(Given records begins)
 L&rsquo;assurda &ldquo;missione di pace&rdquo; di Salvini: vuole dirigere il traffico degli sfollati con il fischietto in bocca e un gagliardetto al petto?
(Given records ends)
(Given records begins)
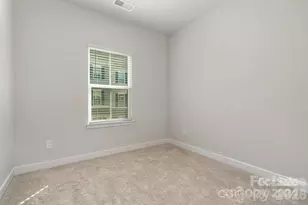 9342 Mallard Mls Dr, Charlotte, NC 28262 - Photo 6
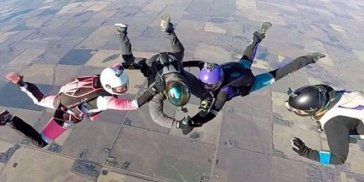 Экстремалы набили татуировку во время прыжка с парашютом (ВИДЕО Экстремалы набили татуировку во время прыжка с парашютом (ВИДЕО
(Given records ends)
**Task prompt:**
Output exactly the stretch of the listing that begins at the line containing "9342 Mallard Mls" and ends at the line containing "парашютом (ВИДЕО Экстремалы", both kept. Omit pictures and everything else.

**Final answer:**
 9342 Mallard Mls Dr, Charlotte, NC 28262 - Photo 6
 Экстремалы набили татуировку во время прыжка с парашютом (ВИДЕО Экстремалы набили татуировку во время прыжка с парашютом (ВИДЕО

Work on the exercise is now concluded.